* _Directions_: Below are entries; copy exactly the lines from the one with "Voting Rights--And Wrongs" through the one with "Electing Not to", both included, and leave out the rest.
### Data to use ###
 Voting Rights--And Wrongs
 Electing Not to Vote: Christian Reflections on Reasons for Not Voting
###
### Data to use ###
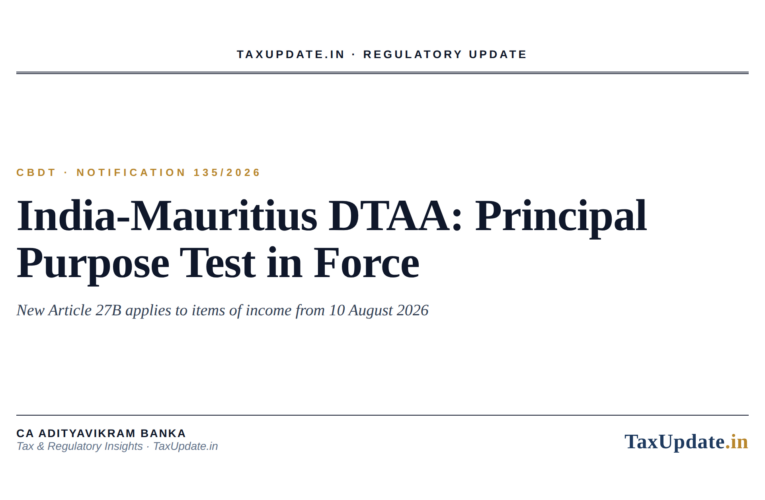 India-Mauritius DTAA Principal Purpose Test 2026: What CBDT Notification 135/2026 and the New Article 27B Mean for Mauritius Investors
###
* _Written solution_:
 Voting Rights--And Wrongs
 Electing Not to Vote: Christian Reflections on Reasons for Not Voting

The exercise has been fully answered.